Михаэль подумал: «Проститутки, которые до войны поджидали клиентов возле магазина на Тауенциенштрассе, вместо вывески носили такие красные ботинки на шнуровке».

Около полудня Михаэль и Лиза пошли прогуляться. Почти все магазины были закрыты, многие витрины заколочены досками, чтобы ночью никто не вырезал стекол. Продавать было нечего.

Но в маленьком ресторанчике, где Лиза и Михаэль решили пообедать, оказался большой выбор мясных блюд, очень недорогих и хорошо приготовленных. Миловидной, пышной, вечно улыбающейся кельнерше с высокой грудью они заказали фаршированную телячью грудинку.

У стены напротив сидел долговязый, поджарый белокурый молодой человек с моноклем, рукава синего костюма были ему коротки. Михаэль подумал: «Офицер в штатском».

Офицер что-то внушительно говорил человеку с нездоровым, бледным, жирным лицом; тот, казалось, слушал даже глазами, почтительно, как слуга, которому дают приказание.

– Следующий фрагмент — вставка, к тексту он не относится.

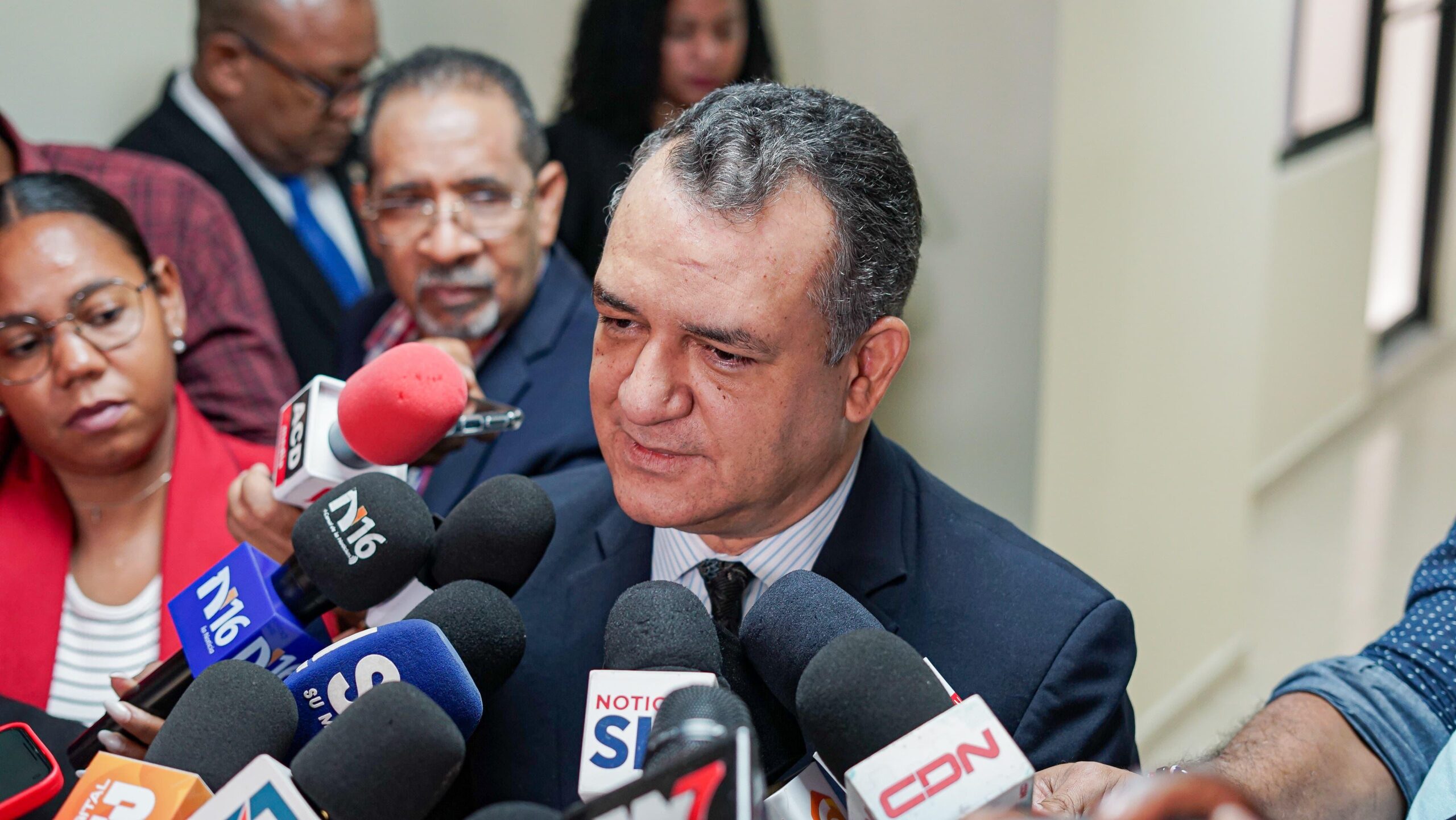 JCE proposes to use 2% of the actual vote and not the electoral roll for independent candidacies | De Último Minuto English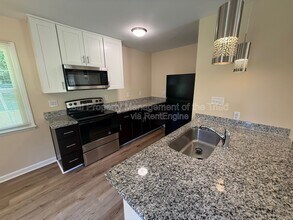 5208 Larkspur Dr in Winston-Salem, NC - Building Photo - Building Photo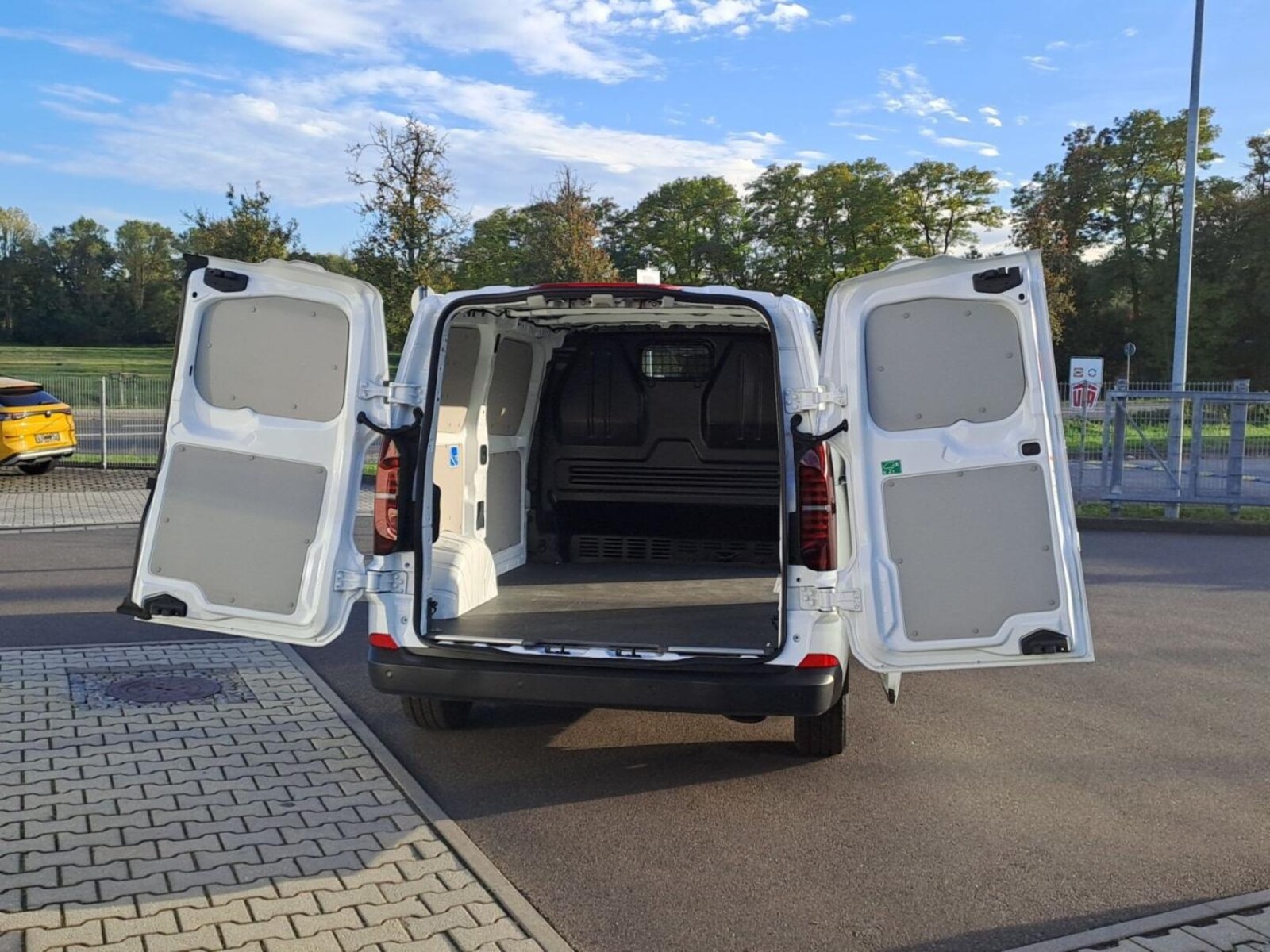Volkswagen Transporter Kasten kurzer Radstand – Bild 16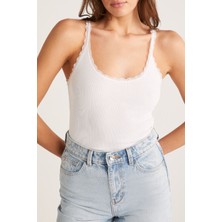 Intive Lingerie Kadın Beyaz Normal Kalıp Dantel Detalı Ince Askılı Oyuk Yaka Atlet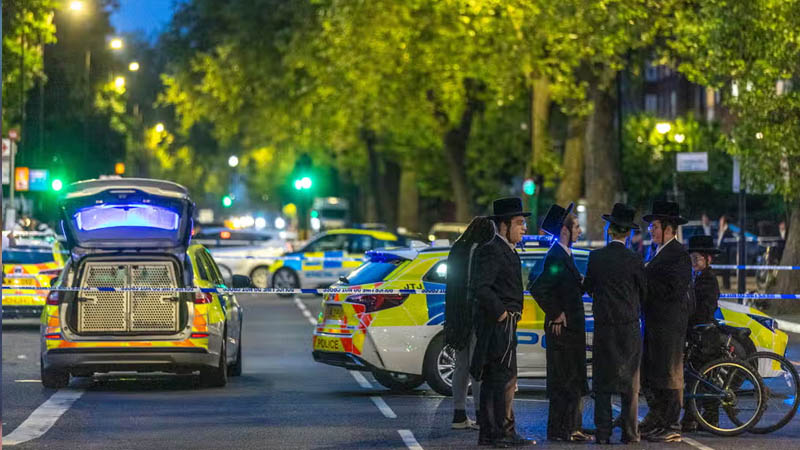 THE POLICE CORDON IN STAMFORD HILL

Глядя на него, Михаэль вспомнил готическую каменную собаку, которая выглядывала из стены в крытой галерее Вюрцбургского монастыря, как бы готовясь к прыжку, — самая настоящая кривая готическая собака. Михаэль тщетно ломал себе голову, кем, собственно, может быть по профессии этот человек, но не мог придумать ничего подходящего и решил: «А может, у него и вовсе нет никакой профессии».

(На другой день Михаэль увидел этого человека еще раз, на собрании рабочих в пивной Браухауз. Тот расхаживал с красной повязкой на рукаве и вместе с десятью товарищами собирал в суповую тарелку пожертвования на вдов и сирот погибших мюнхенских рабочих. Время от времени он под бурные возгласы одобрения бросал негодующие или подбадривающие реплики стоявшему на трибуне Эрнсту Толлеру, ибо находил его недостаточно левым. О том, что это шпик на жалованье у мюнхенского офицерства, рабочие узнали только позднее. Слишком поздно!)

Когда кельнерша, приветливо улыбаясь, принесла телячью грудинку, Михаэль спросил у нее, не знает ли она, кто этот человек, который сидит у стены, ест только салат и пьет только воду.

Улыбка сошла с ее лица. «Ах, этот! — Она пожала плечами: — Мне кажется, он тронутый. Я что-то его боюсь. Его как будто зовут Литлер или Гитлер, хотя нет — Битлер. А платит за него всегда другой. Барон какой-то. К нам теперь и знатные господа заходят, потому что у нас еще найдется что поесть».

— Вы мне не принесете еще кусочек хлеба? — спросила Лиза. Она по-прежнему ела с завидным аппетитом. Но тут вошел газетчик и закричал: «Бавария — свободная социалистическая республика! Курт Эйснер — премьер-министр!»

— Теперь все пойдет по-другому, теперь все будет хорошо, — обрадовался Михаэль, — все будет хорошо. И мы это увидим. — Он сжал руку Лизы. Она сказала:

— Почему должны были погибнуть миллионы людей?

Он пытался утешить ее:

— По крайней мере они не напрасно погибли. Теперь все будет хорошо.